Legacy Protection The right partner will respect and build upon the reputation and patient goodwill you have spent a career creating in Chicago.

Thinking through these points with an advisor ensures the deal structure aligns with your personal and financial goals, not just the buyer’s.


Frequently Asked Questions

What is driving the growth of the bariatric and obesity market in Chicago?

The Chicago bariatric and obesity market is expanding due to strong patient demand driven by the high prevalence of obesity (around 40% of adults) and the overall U.S. weight loss market growth, which was $90 billion in 2023. Additionally, the bariatric surgery market is projected to grow significantly in the next decade, further supporting demand.

How do GLP-1 medications affect the sale and valuation of a bariatric practice in Chicago?

GLP-1 medications are changing patient pathways in weight management, which affects buyer expectations. Buyers want to see how a practice adapts, either by integrating medical weight loss with medications or focusing on surgical cases where medications are less effective. A clear strategy regarding GLP-1’s role is crucial for positioning the practice and achieving a premium valuation.

What legal considerations should I be aware of when selling my bariatric practice in Illinois?

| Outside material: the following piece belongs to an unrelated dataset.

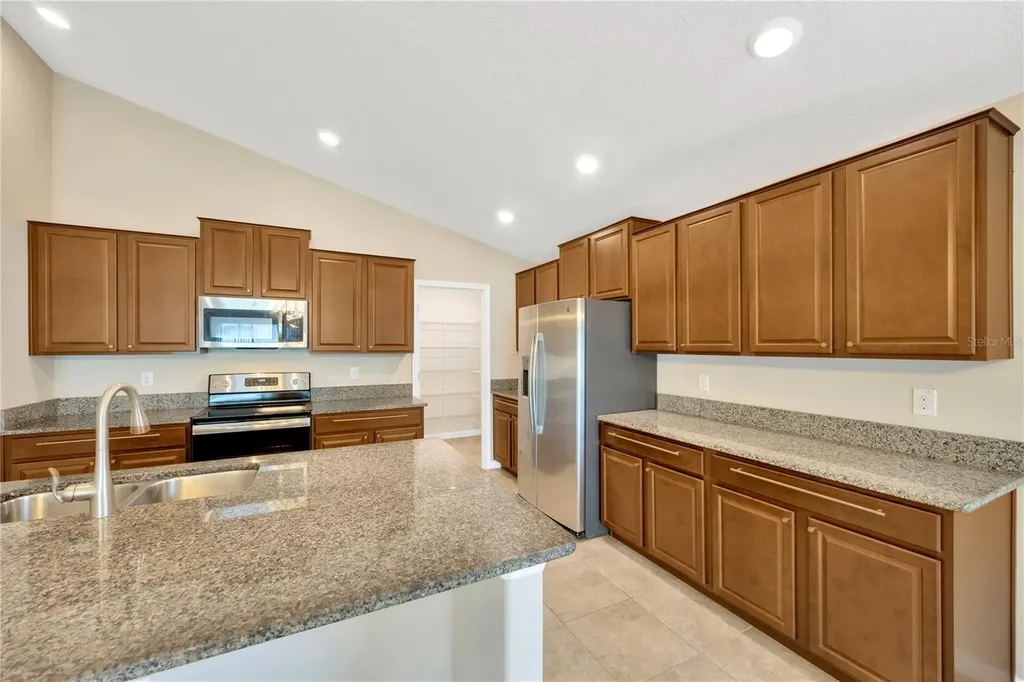 10207 Cakebread Lane Riverview FL 33578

Selling a medical practice in Illinois involves compliance with the Illinois Medical Practice Act and the Corporate Practice of Medicine (CPOM) doctrine. These laws dictate ownership structures and affect deal structuring, especially with private equity or corporate buyers. Ensuring full compliance and proper due diligence is mandatory.

How is the value of my bariatric practice determined?

The practice is valued based on its sustainable cash flow, specifically Adjusted EBITDA (Earnings Before Interest, Taxes, Depreciation, and Amortization). This involves normalizing earnings by adjusting net income for owner-specific expenses. The normalized EBITDA is then multiplied by a multiple that reflects risk, growth potential, and other factors such as multiple providers and market position, determining the final valuation.

What steps are involved in the process of selling my bariatric and obesity practice?

The sale process typically includes four main phases: 1) Preparation and Valuation, where financials are analyzed and marketing materials prepared; 2) Confidential Marketing, involving discreet outreach to vetted buyers to create competitive tension; 3) Navigating Due Diligence, where buyers scrutinize every aspect of the practice to avoid deal failure; and 4) Negotiation and Closing, where the purchase agreement terms are finalized to secure the best deal.